#### PROBLEM TO SOLVE:
If an entry holds a picture, drop the picture and restate the rest word for word.

#### RECORDS TO PROCESS:

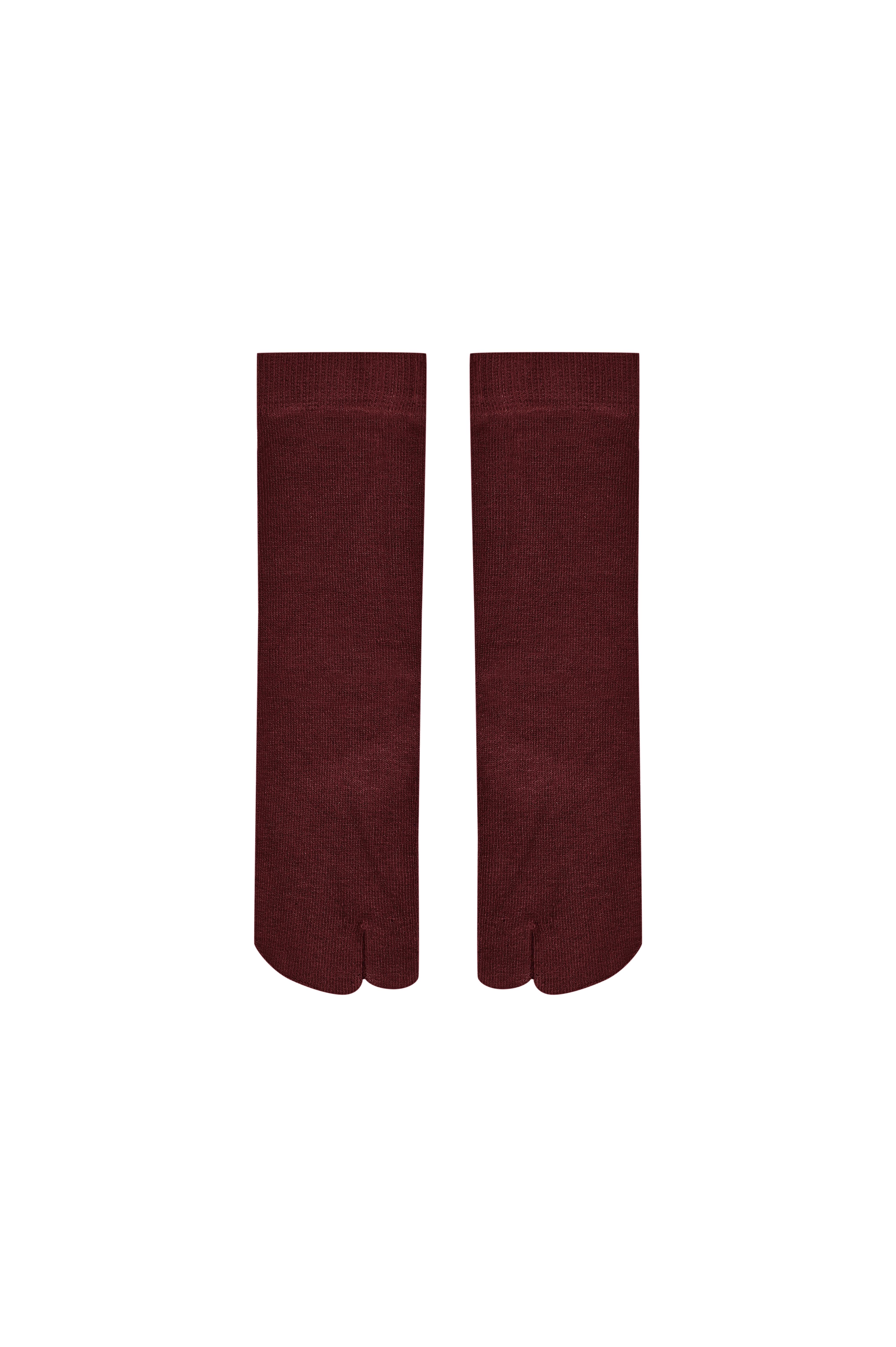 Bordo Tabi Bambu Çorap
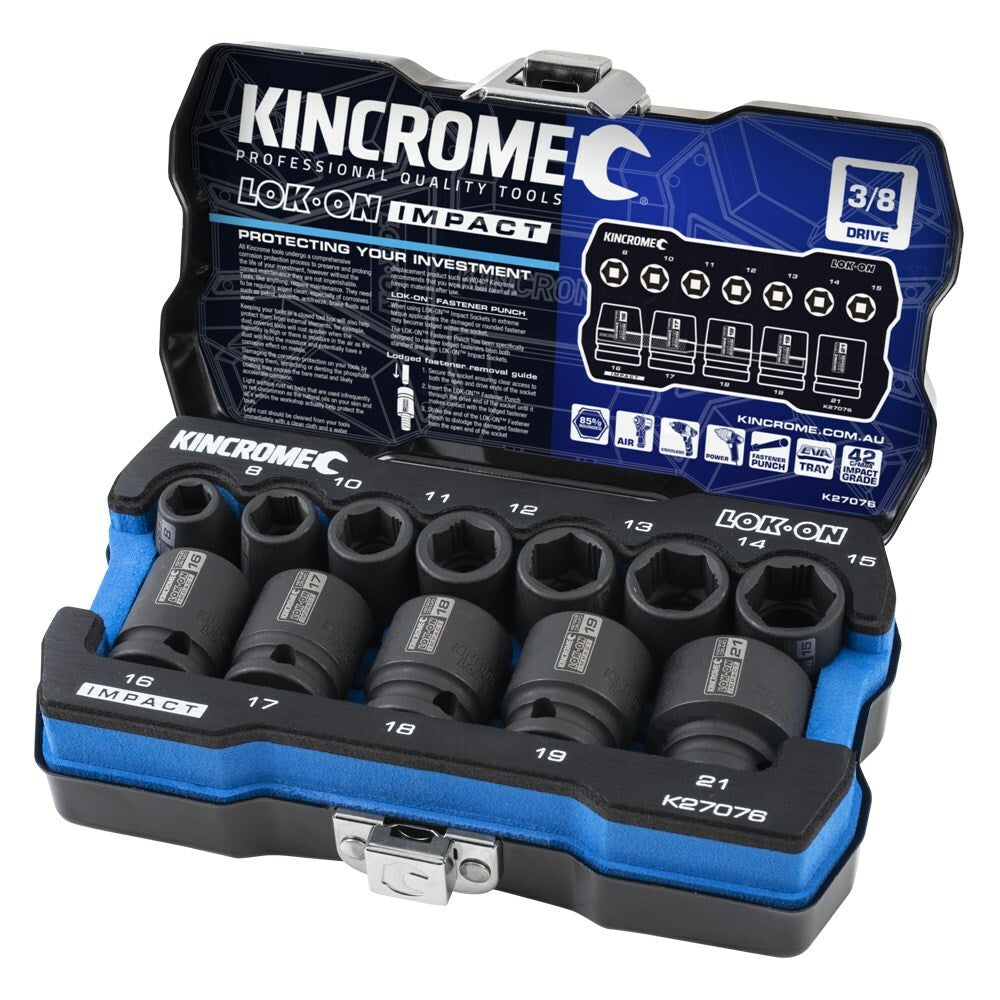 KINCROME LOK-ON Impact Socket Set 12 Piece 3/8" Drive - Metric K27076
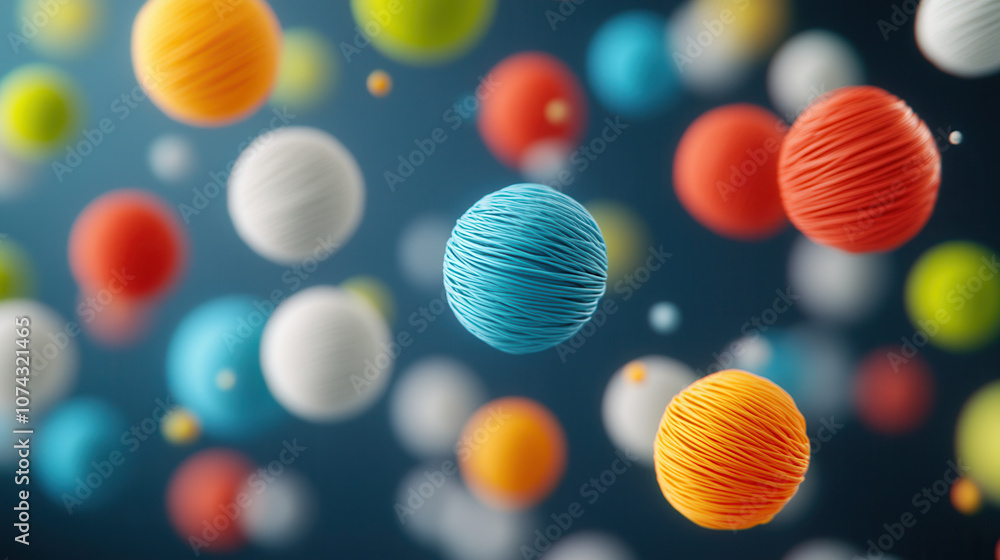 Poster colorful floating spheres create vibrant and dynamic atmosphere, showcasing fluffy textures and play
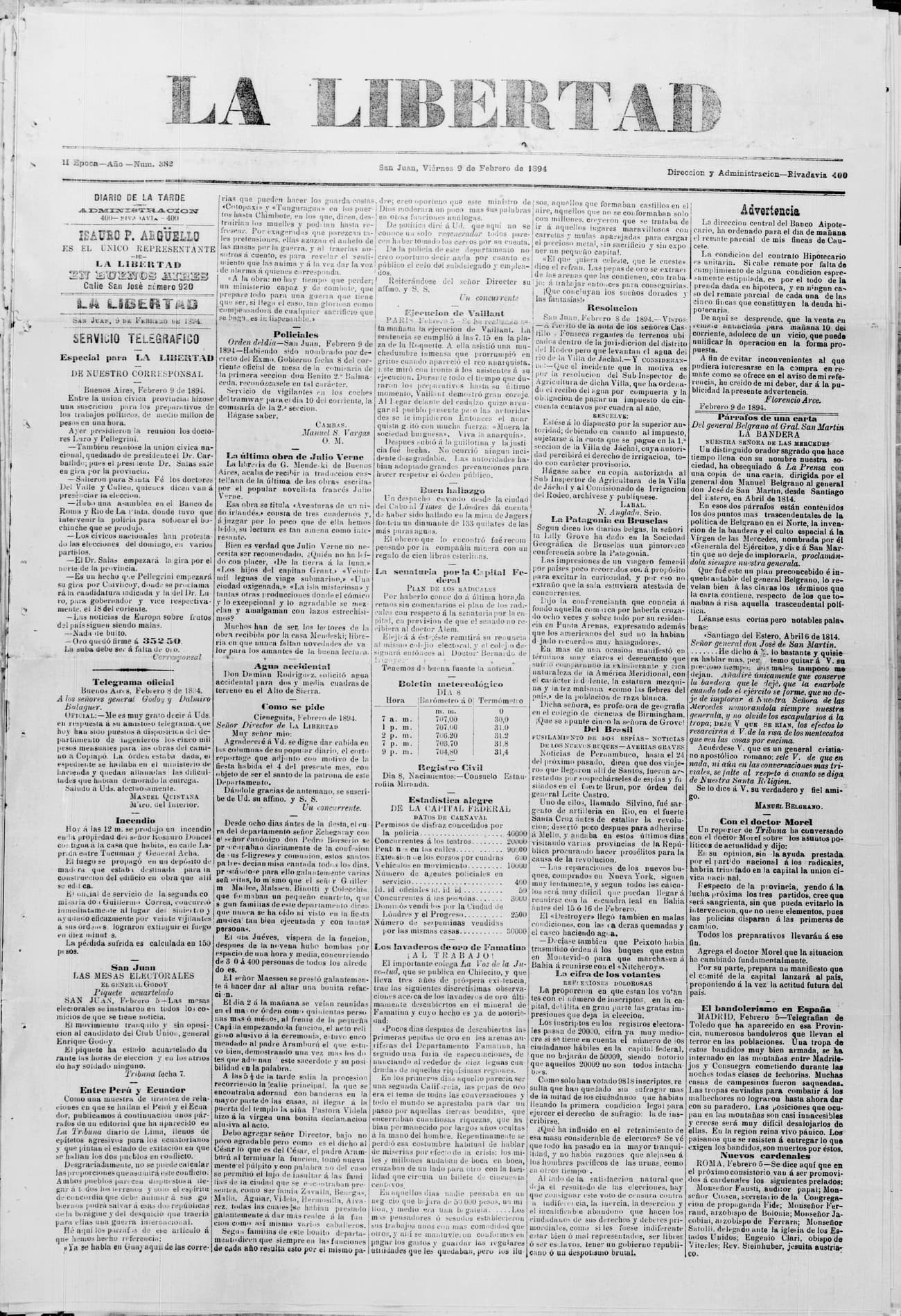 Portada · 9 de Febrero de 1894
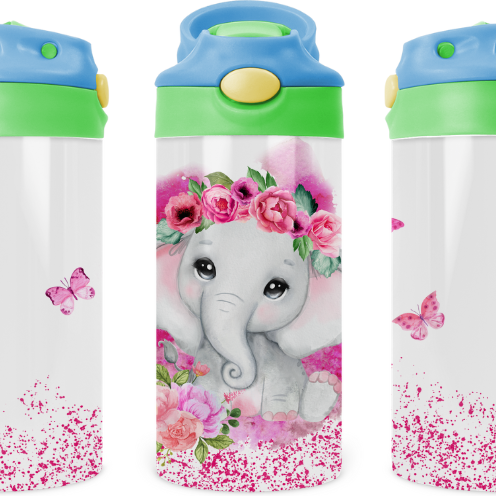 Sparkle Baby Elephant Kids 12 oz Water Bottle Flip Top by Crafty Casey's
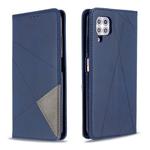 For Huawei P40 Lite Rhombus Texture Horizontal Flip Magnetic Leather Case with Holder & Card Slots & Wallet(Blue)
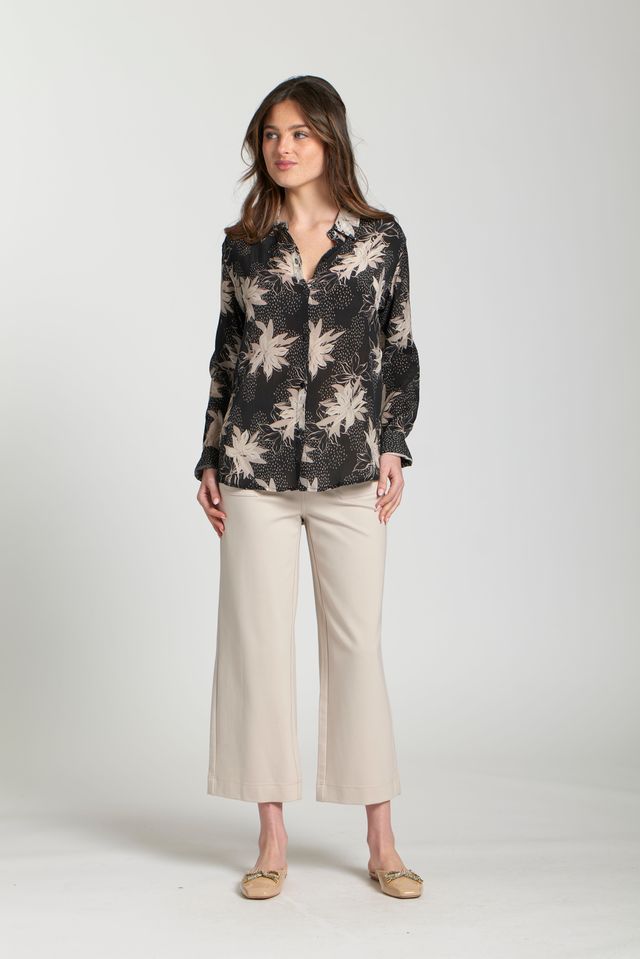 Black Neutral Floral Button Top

#### RESULT OF THIS EXERCISE:
 Bordo Tabi Bambu Çorap
 KINCROME LOK-ON Impact Socket Set 12 Piece 3/8" Drive - Metric K27076
 Poster colorful floating spheres create vibrant and dynamic atmosphere, showcasing fluffy textures and play
 Portada · 9 de Febrero de 1894
 Sparkle Baby Elephant Kids 12 oz Water Bottle Flip Top by Crafty Casey's
 For Huawei P40 Lite Rhombus Texture Horizontal Flip Magnetic Leather Case with Holder & Card Slots & Wallet(Blue)
 Black Neutral Floral Button Top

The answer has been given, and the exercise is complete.